Deshalb scheint es mir heute unverzeihlich …, daß es darüber nun zu spät geworden ist, Adler, der bis zu seinem Tod im Sommer 1988 in London gelebt hat, aufzusuchen und mit ihm zu reden über diesen extraterritorialen Ort
[It seems unpardonable to me today … that now it is too late for me to seek out Adler, who had lived in London until his death in the summer of 1988, and talk to him about that extra-territorial place]
—W. G. Sebald, Austerlitz
H. G. Adler (1910–1988) and W. G. Sebald (1944–2001)
When W. G. Sebald dedicates ten pages of his fictional prose work Austerlitz to H. G. Adler's historical, sociological, and psychological study of the Theresienstadt “ghetto,” Adler's tome is introduced as a source so obscure that it would take only the most meticulous of scholars to be able to seek it out. Sebald's protagonist, the learned architectural historian Jacques Austerlitz, is just such a scholar, but when his research takes him further, he finds that this volume's author is an elusive figure, stating how H. G. Adler was “mir unbekannt … bis dahin” (A 335; a name previously unknown to me, AE 233). While this sentiment may have been shared by many of Sebald's readers, since the publication of Austerlitz in 2001 it seems as if it were no longer too late nor too difficult to seek out H. G. Adler. As Sebald's fame has increased steadily since his untimely death shortly after the publication of Austerlitz, Adler's star is, over one hundred years after his birth, also on the rise.

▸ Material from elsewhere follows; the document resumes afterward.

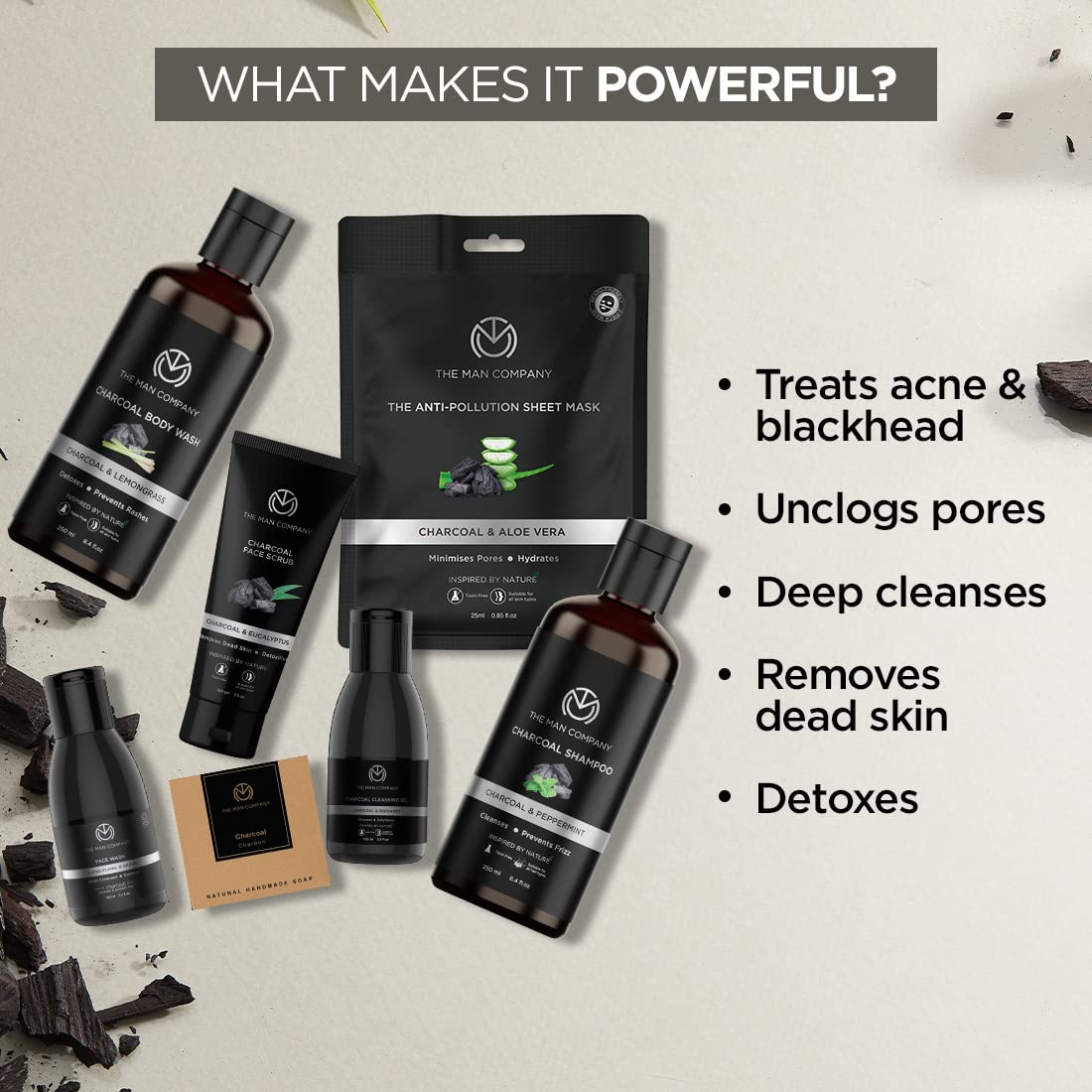 The Man Company Ultimate Charcoal Detan Kit With Elegant Gift Box | Charcoal Body Wash, Shampoo, Face Scrub, Face Wash, Soap, Sheet Mask*2, Cleansing Gel, | Gift Set For Him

H. G. Adler and W. G. Sebald as both writers and scholars share more than a few interests, as the introduction to this volume points out. Especially in their approaches to what might best be described as literary historiography, they follow a similar ethics of witnessing, memory, and poetics. Both also share an interest in Franz Kafka. As the following pages will try to demonstrate, an examination of the kafkaesque elements in Adler's and Sebald's works serves to elucidate each writer's concept and practice of literary historiography. W. G. Sebald's interest in Kafka, demonstrated both in his scholarly articles and as intertextual reference point in his literary work, has certainly been noted before; on the other hand, the role Kafka played for H. G. Adler has not been discussed as prominently. There is a quite noticeable imbalance in general in scholarly attention to these two equally brilliant writers—in order to alleviate this somewhat at least in this contribution, the main focus will rest on the lesser known of the authors and discuss kafkaesque notions of administration, language, frustration, and hope in both his historiographical and his literary work. The use both of Adler's work and Kafka's Das Schloß for his Austerlitz will then illustrate Sebald's mode of literary historiography as surveying the “landscape of death.”